For large data sets, you can insert a pre-aggregated data set called a statistic set. With statistic sets, you give CloudWatch the Min, Max, Sum, and SampleCount for a number of data points. This is commonly used when you need to collect data many times in a minute. For example, suppose you have a metric for the request latency of a web page. It doesn't make sense to publish data with every web page hit. We suggest that you collect the latency of all hits to that web page, aggregate them once a minute, and send that statistic set to CloudWatch.
Amazon CloudWatch doesn't differentiate the source of a metric. If you publish a metric with the same namespace and dimensions from different sources, CloudWatch treats this as a single metric. This can be useful for service metrics in a distributed, scaled system. For example, all the hosts in a web server application could publish identical metrics representing the latency of requests they are processing. CloudWatch treats these as a single metric, allowing you to get the statistics for minimum, maximum, average, and sum of all requests across your application.
A percentile indicates the relative standing of a value in a data set. For example, the 95th percentile means that 95 percent of the data is below this value and 5 percent of the data is above this value. Percentiles help you get a better understanding of the distribution of your metric data. You can use percentiles with Amazon EC2, Amazon RDS, Amazon Kinesis, Application Load Balancer, and Elastic Load Balancing.
Percentiles are often used to isolate anomalies. In a typical distribution, 95 percent of the data is within two standard deviations from the mean and 99.7 percent of the data is within three standard deviations from the mean. Any data that falls outside three standard deviations is often considered to be an anomaly because it differs so greatly from the average value. For example, suppose that you are monitoring the CPU utilization of your EC2 instances to ensure that your customers have a good experience. If you monitor the average, this can hide anomalies. If you monitor the maximum, a single anomaly can skew the results. Using percentiles, you can monitor the 95th percentile of CPU utilization to check for instances with an unusually heavy load.
You can monitor your system and applications using percentiles as you would use the other CloudWatch statistics (Average, Minimum, Maximum, and Sum). For example, when you create an alarm, you can use percentiles as the statistical function. You can specify the percentile with up to two decimal places (for example, p95.45).

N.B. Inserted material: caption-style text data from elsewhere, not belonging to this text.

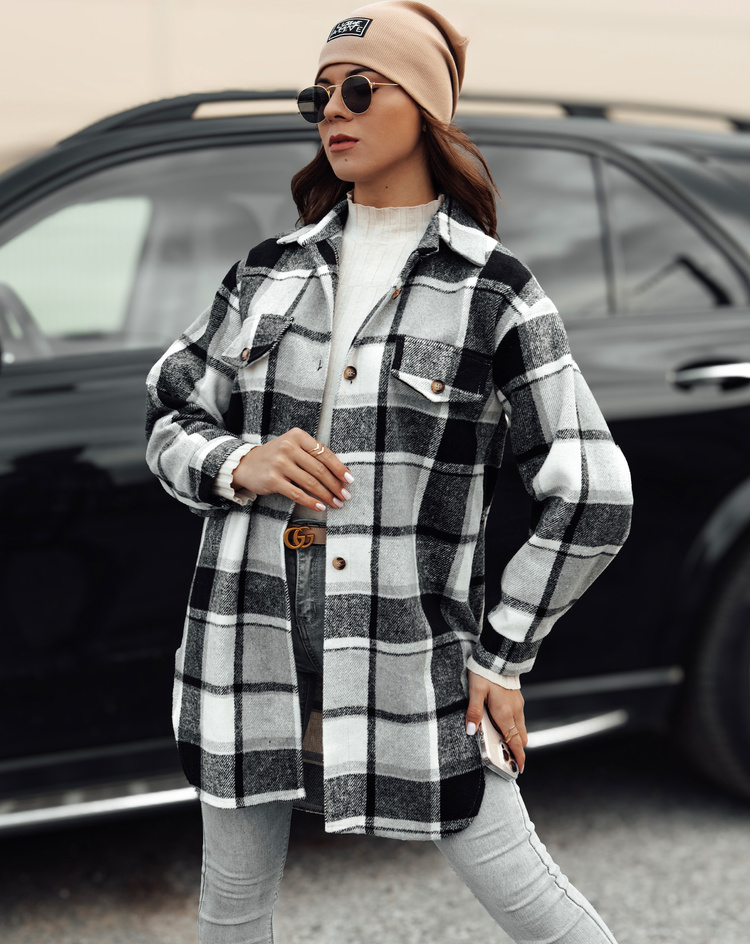 Dámska bielo-čierna károvaná oversize košeľová bunda PLAIDIFY TY4752 Veľkosť: ONE SIZE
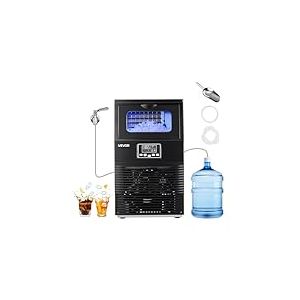 VEVOR Machine &agrave; Gla&ccedil;ons Commerciale 41 kg/24 h, Appareil de Pr&eacute;paration de Gla&ccedil;ons avec Capacit&eacute; de Stockage de 5 kg, 32 Cubes par Cycle, avec &Eacute;cran LED et Nettoyage Automatique, Restaurant Bar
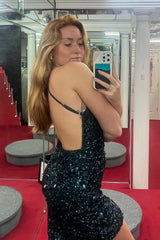Misshow Sparkly Dark Green Halter Open Back Bodycon Homecoming Dress/Mini Dress With Sequins
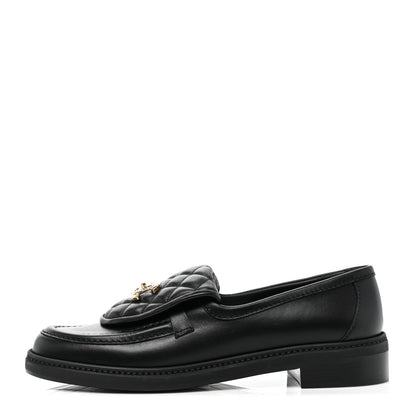 Chanel Lambskin Quilted CC Turnlock Loafers 40 Black 1 of 8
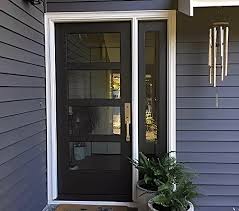 Black Front Door Enhances Home S Modern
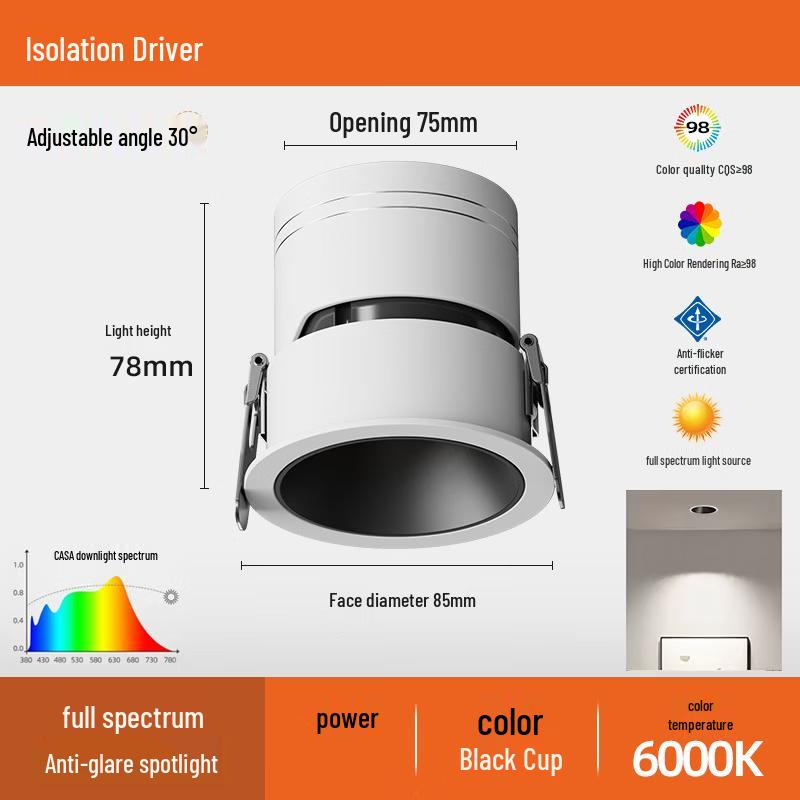 Eye-Protection Anti-Glare Recessed LED Spotlight
Eye-Protection Anti-Glare Recessed LED Spotlight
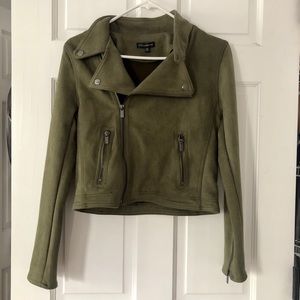 Shinestar olive green moto jacket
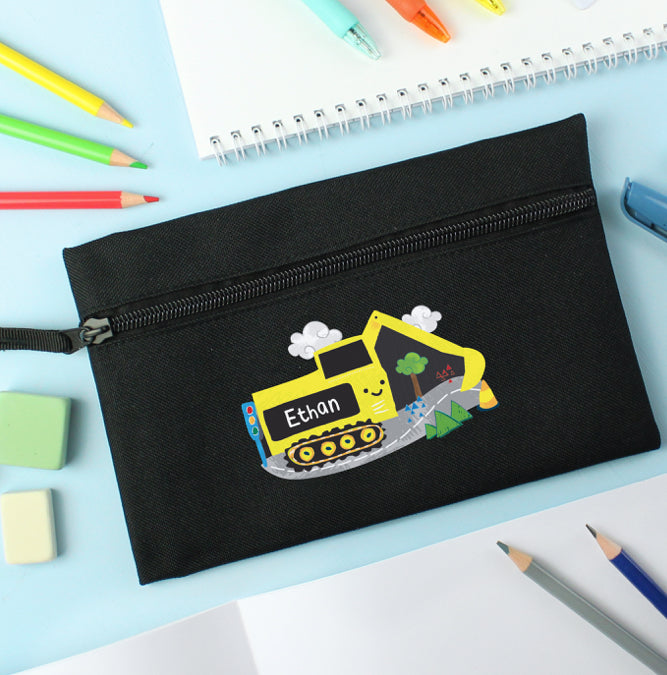 Personalised Digger Black Pencil Case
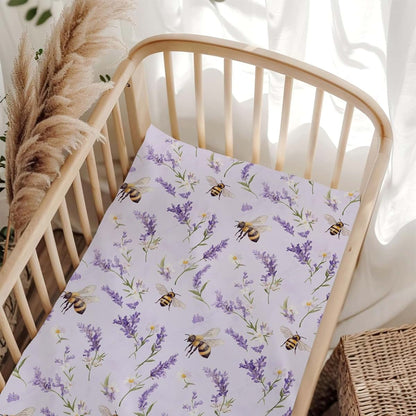 Wicbfdfv Lavender Daisy Floral Fitted Crib Sheet For Standard Mattresses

You can use an alarm to automatically initiate actions on your behalf. An alarm watches a single metric over a specified time period, and performs one or more specified actions, based on the value of the metric relative to a threshold over time. The action is a notification sent to an Amazon SNS topic or an Auto Scaling policy. You can also add alarms to dashboards.
Alarms invoke actions for sustained state changes only. CloudWatch alarms will not invoke actions simply because they are in a particular state. The state must have changed and been maintained for a specified number of periods.
When creating an alarm, select a period that is greater than or equal to the frequency of the metric to be monitored. For example, basic monitoring for Amazon EC2 provides metrics for your instances every 5 minutes. When setting an alarm on a basic monitoring metric, select a period of at least 300 seconds (5 minutes). Detailed monitoring for Amazon EC2 provides metrics for your instances every 1 minute. When setting an alarm on a detailed monitoring metric, select a period of at least 60 seconds (1 minute).